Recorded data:
****
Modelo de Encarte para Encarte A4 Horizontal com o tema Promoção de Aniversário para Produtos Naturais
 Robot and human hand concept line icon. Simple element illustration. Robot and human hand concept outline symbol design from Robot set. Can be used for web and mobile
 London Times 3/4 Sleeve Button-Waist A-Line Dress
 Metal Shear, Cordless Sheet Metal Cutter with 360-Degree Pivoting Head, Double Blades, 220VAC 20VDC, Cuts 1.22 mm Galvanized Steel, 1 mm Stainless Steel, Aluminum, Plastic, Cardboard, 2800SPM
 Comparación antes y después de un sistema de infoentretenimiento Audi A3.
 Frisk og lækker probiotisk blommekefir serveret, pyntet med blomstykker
****
§ EXERCISE BRIEF: Please restate, exactly as written, the line that holds "Robot and human hand concept line" and all remaining lines of the data above, and only those.

§ OUTPUT OF THE EXERCISE:
 Robot and human hand concept line icon. Simple element illustration. Robot and human hand concept outline symbol design from Robot set. Can be used for web and mobile
 London Times 3/4 Sleeve Button-Waist A-Line Dress
 Metal Shear, Cordless Sheet Metal Cutter with 360-Degree Pivoting Head, Double Blades, 220VAC 20VDC, Cuts 1.22 mm Galvanized Steel, 1 mm Stainless Steel, Aluminum, Plastic, Cardboard, 2800SPM
 Comparación antes y después de un sistema de infoentretenimiento Audi A3.
 Frisk og lækker probiotisk blommekefir serveret, pyntet med blomstykker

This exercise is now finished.